Arthur had feature roles in three Frank Capra films: Mr. Deeds Goes to Town (1936) with Gary Cooper, You Can't Take It with You) (1938) co-starring James Stewart, and Mr. Smith Goes to Washington (1939), also starring Stewart. These three films all championed the "everyday heroine", personified by Arthur. She also co-starred with Cary Grant in the adventure-drama Only Angels Have Wings (1939) and in the comedy-drama The Talk of the Town) (1942). She starred as the lead in the acclaimed and highly successful comedy films The Devil and Miss Jones (1941) and A Foreign Affair (1948), the latter of which she starred alongside Marlene Dietrich. Arthur was nominated for an Academy Award for Best Actress in 1944 for her performance in The More the Merrier (1943), a comedy which also starred Joel McCrea.


Jean Arthur

James Harvey wrote in his history of the romantic comedy: "No one was more closely identified with the screwball comedy than Jean Arthur.

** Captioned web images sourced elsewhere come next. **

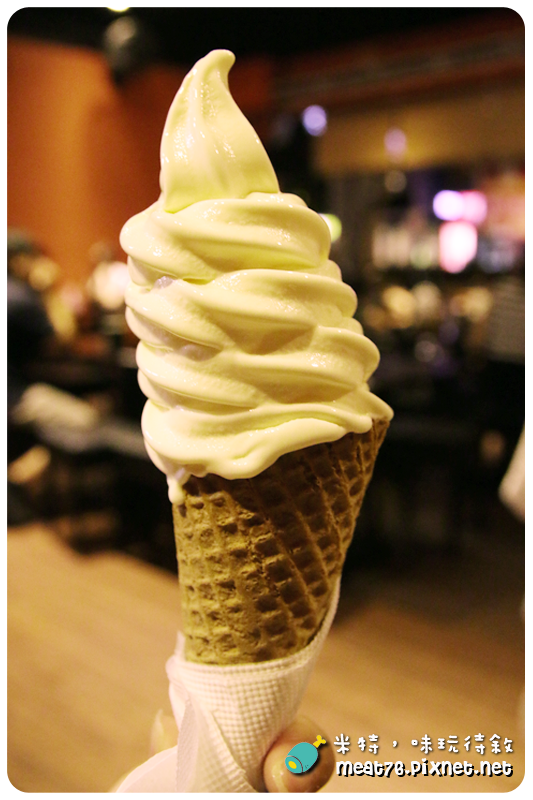 米特，味玩待敘｜部落格 © MEAT76｜台灣美食部落客｜2014-07-27-7【台北食記。內湖】超越原味炭烤牛排｜牛排餐廳｜高品質牛排便宜吃，大口吃肉好過癮 →《捷運美食》近捷運內湖站、大湖公園030.png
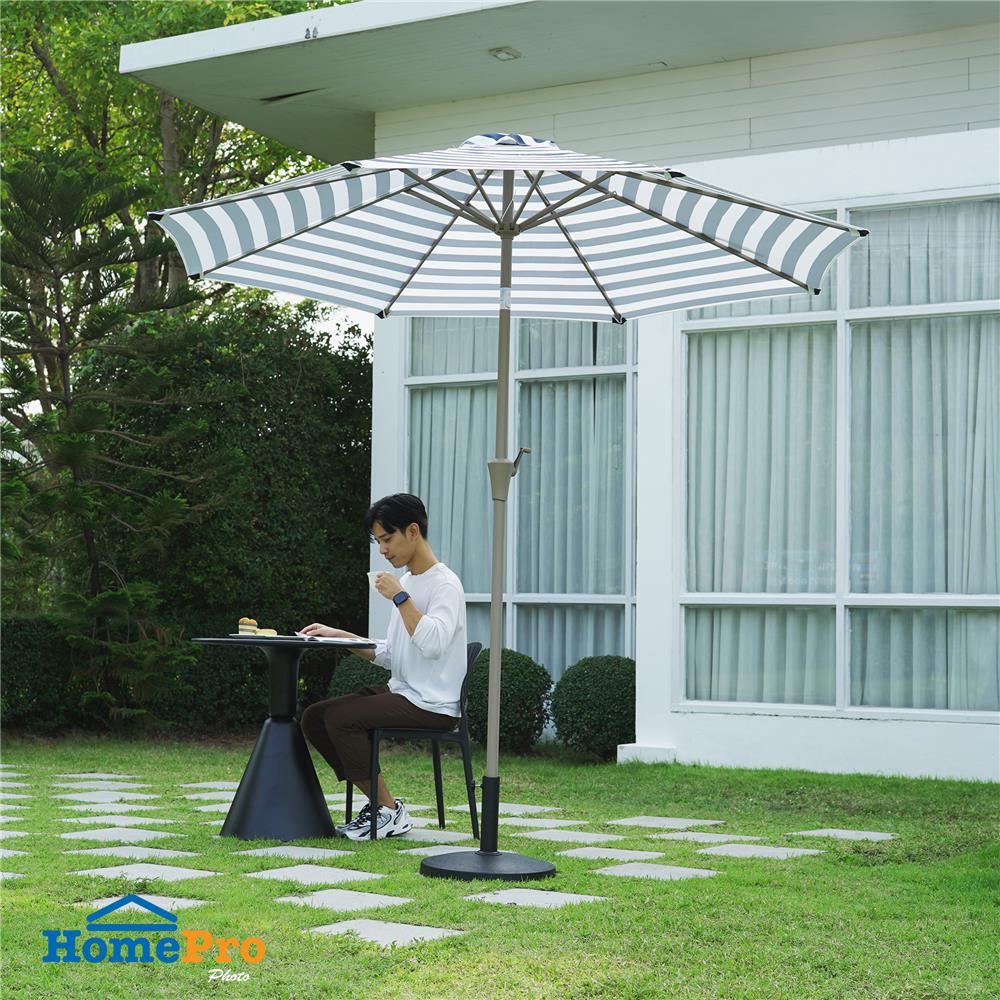 ร่มสนามกลม SPRING VILLA STRIP สีขาว/ฟ้า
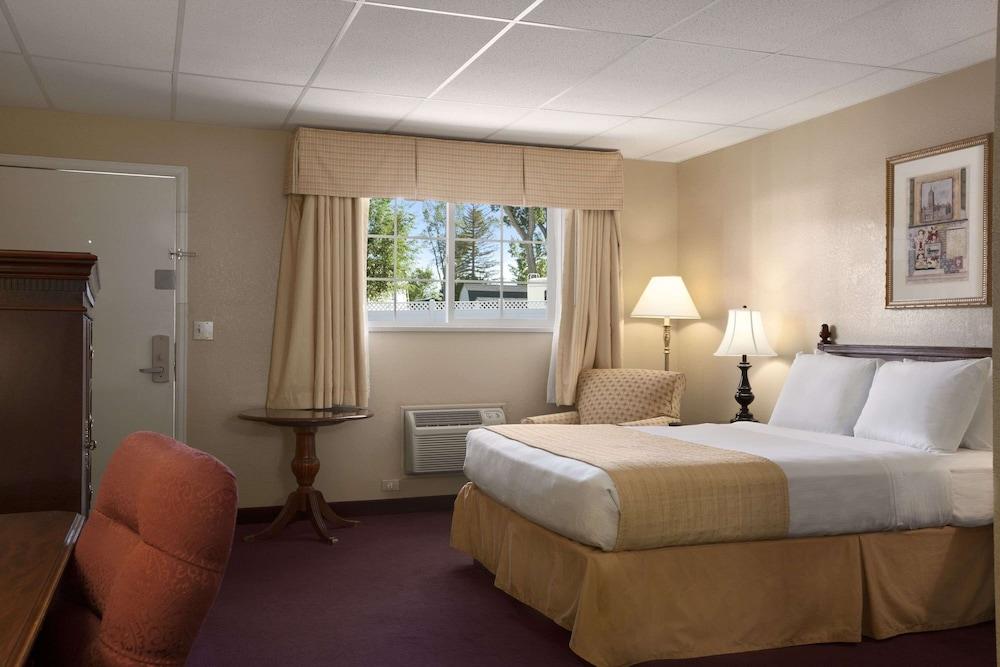 Days Inn by Wyndham Montrose photo 15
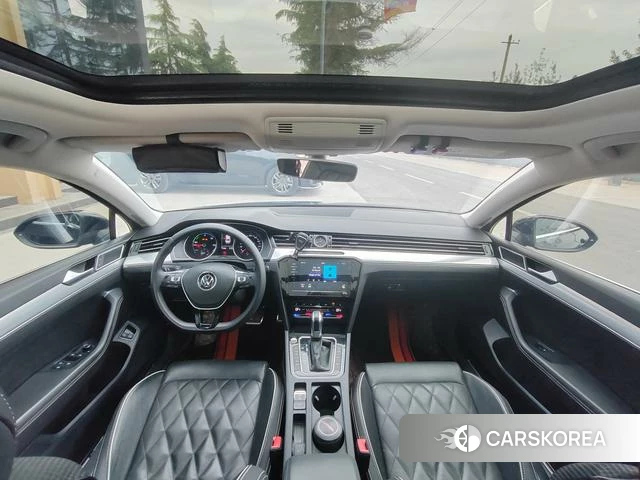 Volkswagen Magotan PHEV id 4260432 из Китая 8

So much was she part of it, so much was her star personality defined by it, that the screwball style itself seems almost unimaginable without her." She has been called "the quintessential comedic leading lady". Her last film performance was non-comedic, playing the homesteader's wife in George Stevens's Shane) in 1953.


Early life

The product of a nomadic childhood, Arthur lived at times in Saranac Lake, New York; Jacksonville, Florida, and Schenectady, New York. The family lived on and off in Westbrook, Maine, from 1908 to 1915, while Arthur's father worked at Lamson Studios in Portland. Relocating in 1915 to New York City, the family settled in the Washington Heights neighborhood of upper Manhattan.